Kepala Kantor Wilayah ATR/BPN Sulawesi Tenggara Andi Renald menjelaskan bahwa berdasarkan data, jumlah bidang tanah di Provinsi Sulawesi Tenggara adalah 1.915.690 bidang dengan jumlah bidang tanah yang telah terdaftar sebanyak 1.186.460 bidang dan yang belum terdaftar sebanyak 729.230 bidang.
“Sehingga untuk menuju Sulawesi Tenggara lengkap hingga tahun 2024 kami perlu menyelesaikan terget sekitar 182.000 bidang pertanahan,” jelas Renald dalam Rapat Kerja Daerah (Rakerda) di salah satu hotel Kendari, Rabu (18/5/22).
Andi Renald berharap rakerda kali ini bisa menjadi wadah untuk meningkatkan kualitas layanan pertanahan dan ruang di Sulawesi Tenggara, di sisi lain juga guna mewujudkan visi dari Kementerian Agaria dan Tata Ruang.
“Menjadi lembaga yang mengelola penataan ruang pertanahan yang terpercaya dan berstandar dunia dan di harapkan dapat tercapai pada tahun 2024” tuturnya
Ia juga menambahkan bahwa keberhasilan layanan pertanahan di Sulawesi Tenggara tidak terlepas dari peran berbagai pihak sehingga apa yang menjadi harapan Kementerian Agraria dan Tata Ruang dapat diwujudkan di Sulawesi Tenggara.
Rakerda yang bertemakan “Meningkatkan kualitas pelayanan pertanahan dan ruang menuju Sulawesi Tenggara maju, modern dan berstandar dunia” ini di hadiri langsung oleh Gubernur Sulawesi Tenggara, Inspektur Jendral Kementerian ART/BPN, Dirjen Penetapan Hak dan Pendaftaran Tanah Kementrian ART/BPN, Dirjen Penanganan Sengketa dan Perkara Pertanahan Kementerian ART/BPN, Kepala Pusat Data dan informasi pertanahan, tata ruang dan lahan Pertanian Pangan Berkelanjutan Kementerian ART/BPN, Kepala Kejaksaan Tinggi Sultra dan Polda Sultra.

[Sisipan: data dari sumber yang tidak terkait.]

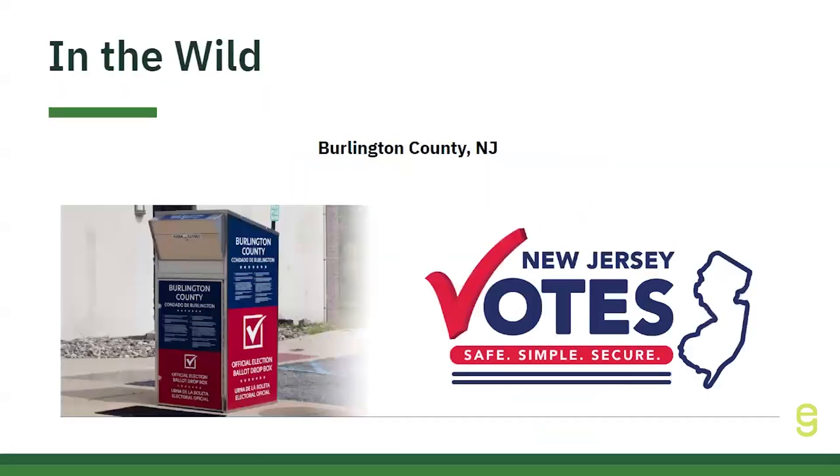We also wanted to highlight some examples in the wild of election offices across the country who are doing some really amazing work. Burlington County, New Jersey's website provides a solid model for explaining ballot dropbox security to other election administrators because of a few key factors. The website lists the exact locations of the ballot dropboxes, providing clear information to voters and showing other administrators how transparency helps build trust. The webpage mentions key security measures, such as 24/7 video surveillance and the secure design of the boxes themselves.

Kegiatan yang di ikuti oleh 84 orang peserta ini akan berlangsung selama dua hari yakni tanggal 18 s.d 19 Mei 2022.
Di tempat yang sama Kepala Kejaksaan Tinggi (Kejati) Sulawesi Tenggara Raimel Jesaja menerangkan bahwa terkait masalah- masalah pertanahan di Sulawesi Tenggara pihaknya akan selalu bekerja sama dan saling bersinergi sehingga bisa melakukan pencegahan dan penanganan terkait konflik pertahanan yang ada di Sulawesi Tenggara.
“Kita juga akan memberikan suatu perdampingan terhadap kejaksaan dalam melakukan penegakan hukum di bidang pertanahan,” ujarnya
Selain itu ia juga menerangkan bahwa Kejati Sulawesi Tenggara akan selalu mengevaluasi sejauh mana tingkat permasalahan terjadi terkait pertanahan di Sulawesi Tenggara agar bisa diminimalisir.